Only 15 states and the District of Columbia saw increases in their non-Hispanic White populations from 2010 to 2020, with the largest coming in D.C. (+25%), Utah (+11%) and Idaho (+10%).
The share of people in the U.S. who identify as non-Hispanic White and no other race has also declined in recent years, falling from 64% in 2010 to 58% in 2020, according to the new census data. This trend stretches back several decades: Non-Hispanic White people declined as a share of the U.S. population from 1980 to 1990 (80% to 76%) and in every decade since then.
The non-Hispanic White share of the U.S. population remains far higher than the shares who identify as Hispanic (19%), Black (12%) or Asian (6%). Another 4% identify with two or more races and are not Hispanic. This pattern is due to several factors. The White population is older than other groups and aging faster, contributing to a lower birth rate and an increased number of deaths. In addition, immigration is not a source of significant growth for the White population. Immigrants account for a significantly smaller share of the White population than of other groups, in particular Asians and Hispanics.
The non-Hispanic White population in the U.S. that identifies with a single race is expected to fall below 50% by 2045, according to Census Bureau projections.

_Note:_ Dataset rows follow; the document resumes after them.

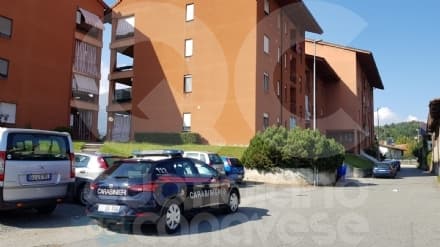 CASTELLAMONTE - A terra in un lago di sangue: i carabinieri salvano un pensionato ferito e solo in casa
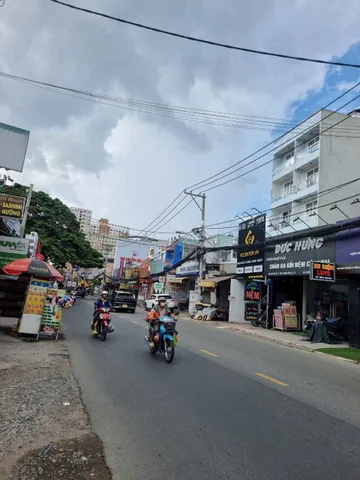 🛑 ĐẤTLỚN.COM giới thiệu BĐS mặt tiền Tô Ký Hóc Môn hàng hiếm 12x26m thổ cư dành cho VIP phù hợp xây biệt thự, khách sạn, văn phòng cty,...
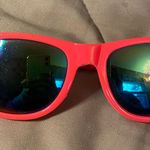Neon pink sunglasses Photo 0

However, this date is speculative, due in part to the nation’s growing multiracial population, changing demographic trends and uncertainty over how people’s views of their own identity may shift over time.
Racial identification in the 2020 census
Some people who identify their race as White also identify with another race or as Hispanic – or both as Hispanic and with another race. This more broadly defined White population saw modest growth of 2% from 2010 to 2020, increasing from 231.0 million to 235.4 million. However, the group’s share of the U.S. population declined over the past decade, from 75% to 71%.
The population growth of this racial group, referred to in census data as “White alone or in combination,” is due entirely to an increase in the number of people who identified as White and another race. From 2010 to 2020, their numbers grew from 5.0 to 12.2 million for non-Hispanics, and 2.5 million to 18.9 million for Hispanics.
These trends reflect broader societal changes in the U.S., such as the rising share of newlyweds who marry someone of another race and the growing number of multiracial or multiethnic babies. Americans’ views of their racial and ethnic identities also change over time, which can result in changes in how they report their race on census forms. Another contributing factor is that the format of the race questions in the 2020 census, as well as the way responses were coded, differed from previous versions of the decennial census.